Harsh reality for friendship
Kim Hee-young, a 28-year-old female graduate school student, said she became reluctant to make friends with men after she received a marriage proposal from a man two weeks ago. Kim said the two had been friends for the past eight years, since they were freshmen in university.
"He was one of my best friends to whom I could openly reveal what I thought," she said. "But one day he called me out and confessed that he wanted me as a lover, not as a friend anymore."
Kim said she felt miserable when he refused to remain as her friend after she didn't accept his proposal.
"He said he just couldn't see me anymore. It might be resentment or embarrassment. Maybe I'll never know," Kim said. "But it really broke my heart and now I'm having a hard time overcoming the loss of a friendship which had significance for me."
Kim Ji-young, a 38-year-old office worker in Seoul, said she has an old male friend of over 20 years. She thinks that the friendship between opposite sexes is possible, though it has its limits.
"We have been friends for the last two decades since we were in middle school. We have been so close, even when each of us had our own separate dates," said Kim. "I thought that our friendship would last even after we got married. Even though, to be frank, it wasn't easy at all."
As a starter, it became much harder to meet each other in person once they were married. Out of concern that their meeting might ruffle their partners' feathers, she said she was uneasy about the idea of actually seeing him.
"I was worried if my action with a purely friendly intention, for instance, sending a text message calling him fondly by his nickname, could derail his marital life," she said. "In Korea, people are still hesitant in accepting the idea of male-female friendship after marriage and see it as foreign and strange."

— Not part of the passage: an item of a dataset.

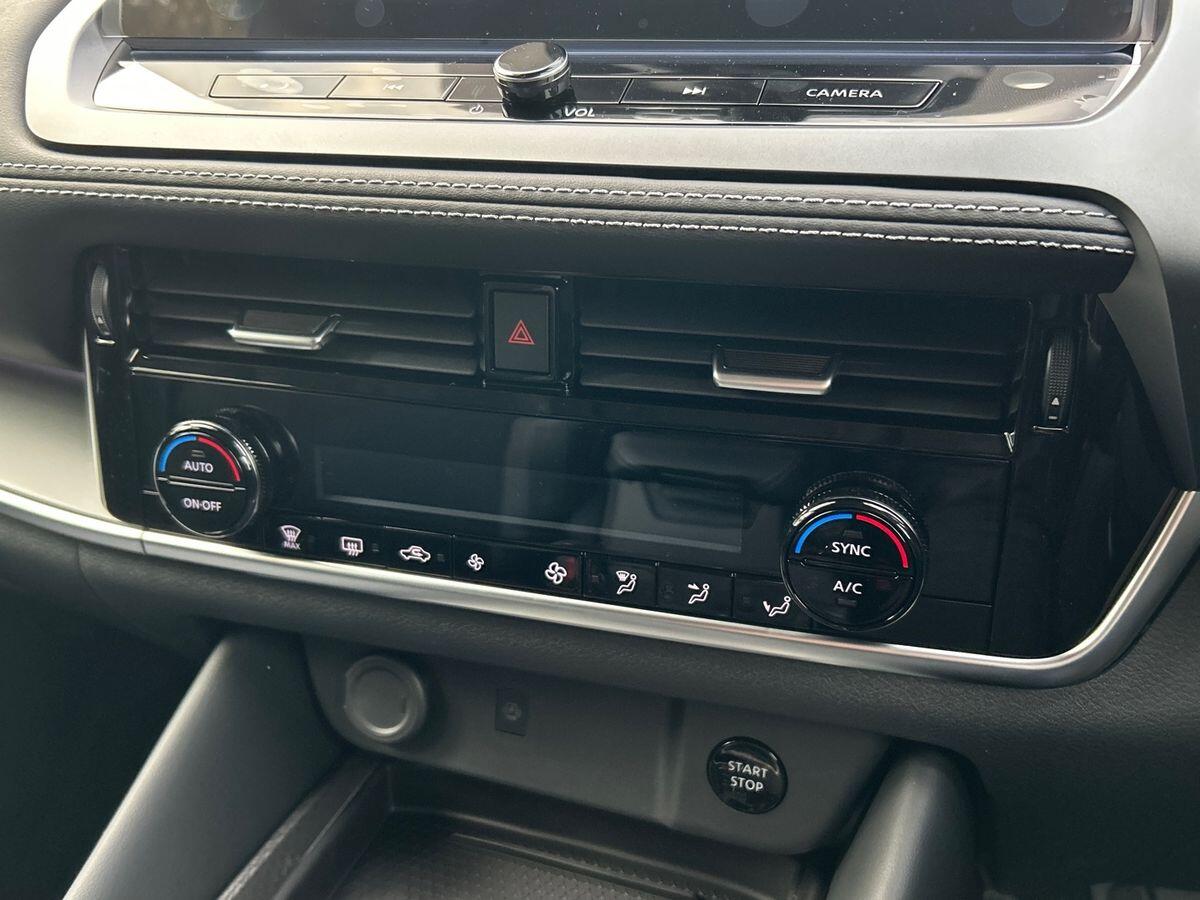 Used Nissan Qashqai 2025 for sale - 76516013: Photo 37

The solution Kim has found is friendship in the virtual world or friendship without actual physical contact.
"We frequently exchange text messages asking how we are. But, that is all. I don't see my male friend in person," said Kim.
She also mentioned that different circumstances of their marital status became the thing that gets in the way of a prolonged friendship with her old friend.
"Now that I have parents-in-law and a whole set of new relatives from my husband's side, I have all sorts of family gatherings and businesses I have to tend to. In terms of priority, meeting with my male friend often has to be put on the back burner," she confessed.
"If you have children, the situation gets worse. We can hardly spare time to meet anyone, not to mention male friends. Therefore, by the time we realize the importance of friendship from our youth, which is often after our children are grown up, it is hard to make up for the years of void," said Kim.
On her male friend's side, it is definitely not an easy task to keep the friendship intact.
"My dear friend now has his own family to support, the onus as the breadwinner and getting stress from his work and bosses. Even when we talk on the phone, the conversation hovers around those difficulties. It is not the kind of chat we used to have a long time ago," she added.
Avoid physical contact
Lee Myung-gil, a manager at Duo, a professional match-making firm in Korea, said that there is a difference between men and women in the way they see friendship with the opposite sex.
"More women believe that friendship between a man and a woman is possible," he said in an interview with The Korea Times. "But men know instinctively that they could cross that line under extenuating circumstances."
Lee emphasized that there is a fine line between friendship and a relationship and those who want a lasting friendship with the opposite sex should be extra careful in treating their friends. Lee added that one of the best ways to maintain such a close friendship is to avoid excessive physical contact.
"All issues that arise in a relationship begin with physical contact," he said. "Like all other relationships, treating your friend with respect will be helpful in avoiding awkward circumstances that can hamper a sincere friendship."